Short text fragments from websites:
┄┄┄┄┄┄┄┄┄┄

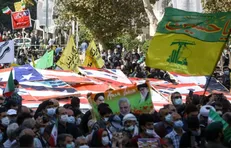 راهپیمایی یوم الله ۱۳ آبان در تهران / حضور پررنگ دهه هشتادی و نودی‌ها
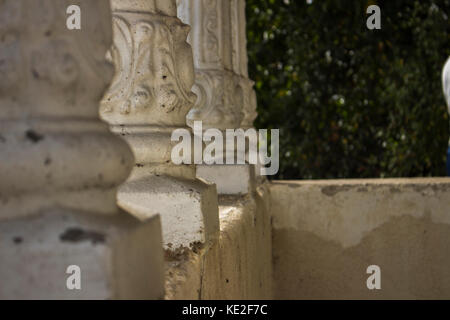 Bianco rurale pilastri nel fuoco Foto Stock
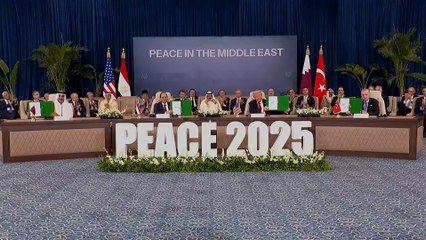 El 'show' de Trump en Sharm el Sheij: “Nunca hubo un acuerdo como éste; no habrá una III Guerra Mundial”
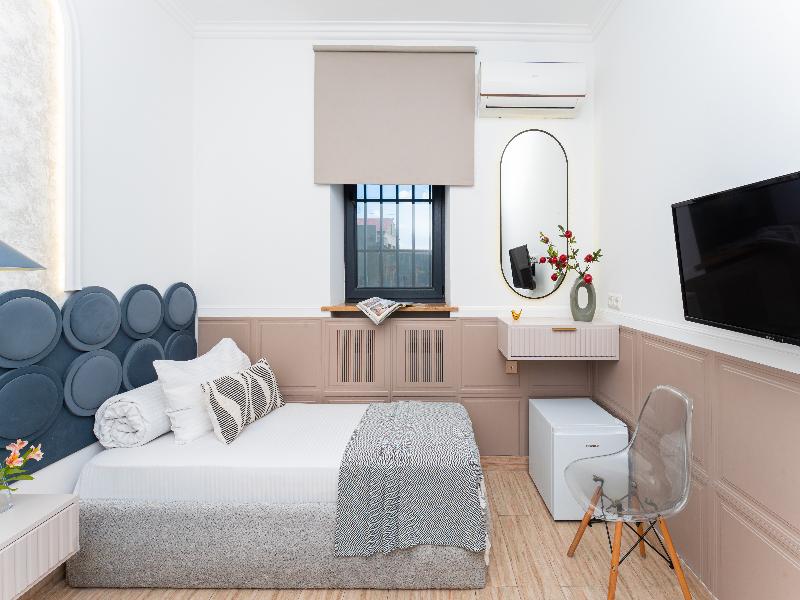 Alex Hotel image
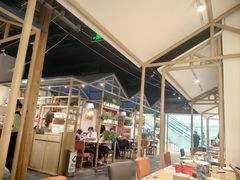 -渝信川菜 · 川味家常菜(财富购物中心店)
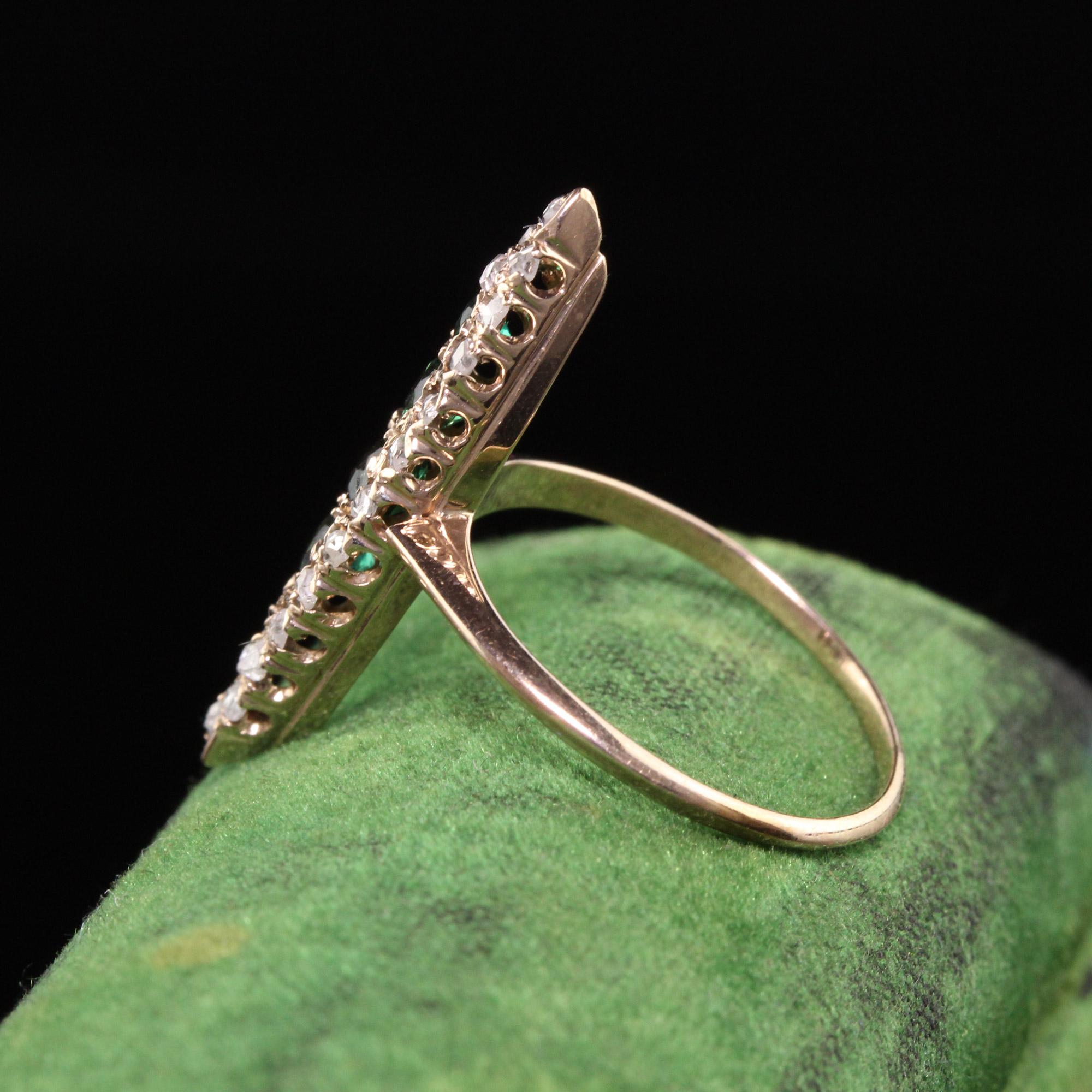 Wunderschöne antike viktorianische 14K Rose Gold Rose Cut Diamant und Granat Navette Ring. Dieser beeindruckende Ring enthält dunkelgrüne Granate, die von Diamanten im Rosenschliff umgeben sind, die in Roségold gefasst sind.

Artikel #R0788

Metall:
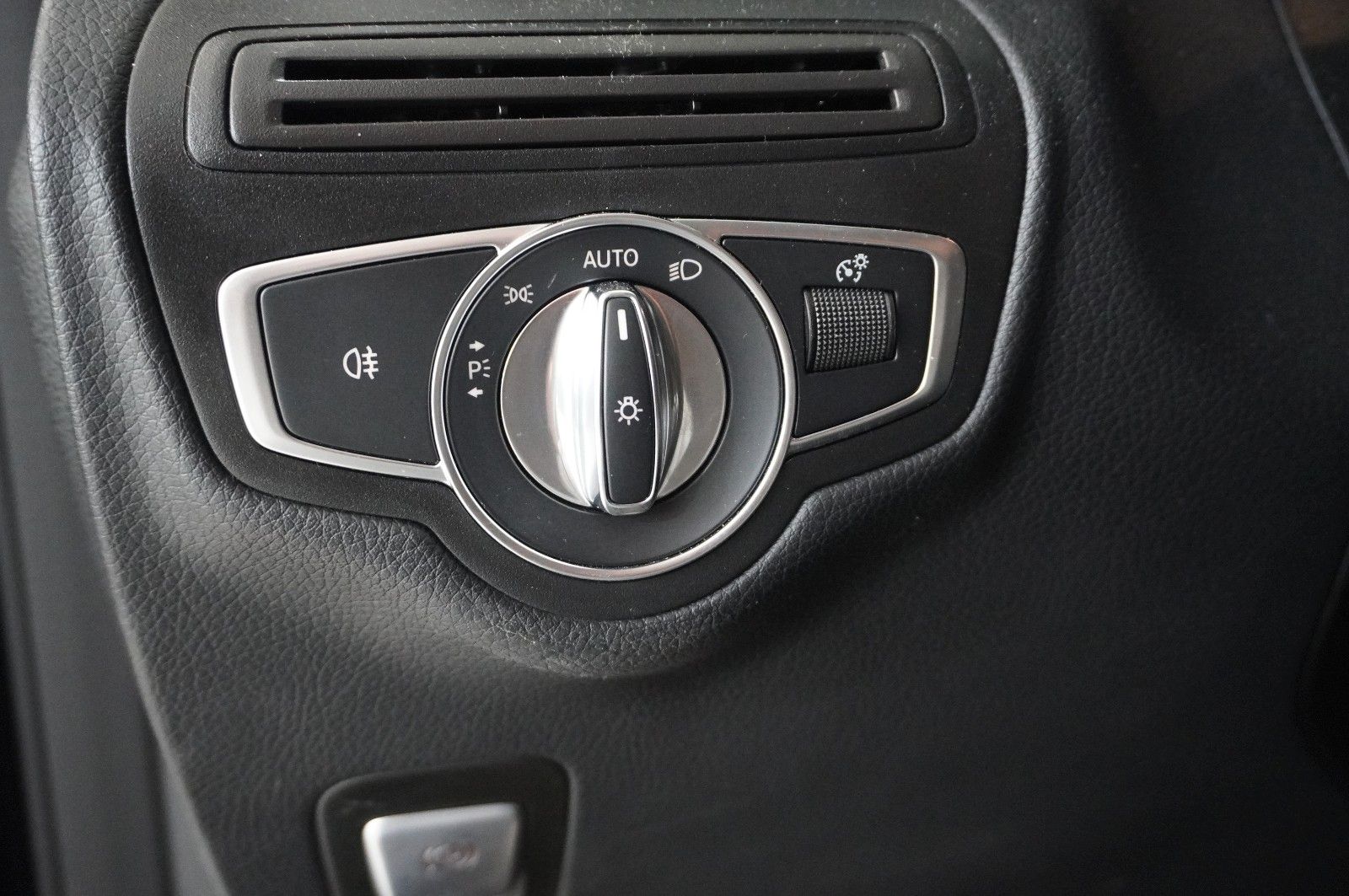 Fahrzeugabbildung Mercedes-Benz GLC 250D EXCLUSIVE 4M 9G-TRONIC NAVI/LED/SPORT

┄┄┄┄┄┄┄┄┄┄

Please extract exactly the lines of the data, from the first through the line containing "Wunderschöne antike viktorianische", and add no pictures to the copy.

Task answer
 راهپیمایی یوم الله ۱۳ آبان در تهران / حضور پررنگ دهه هشتادی و نودی‌ها
 Bianco rurale pilastri nel fuoco Foto Stock
 El 'show' de Trump en Sharm el Sheij: “Nunca hubo un acuerdo como éste; no habrá una III Guerra Mundial”
 Alex Hotel image
 -渝信川菜 · 川味家常菜(财富购物中心店)
 Wunderschöne antike viktorianische 14K Rose Gold Rose Cut Diamant und Granat Navette Ring. Dieser beeindruckende Ring enthält dunkelgrüne Granate, die von Diamanten im Rosenschliff umgeben sind, die in Roségold gefasst sind.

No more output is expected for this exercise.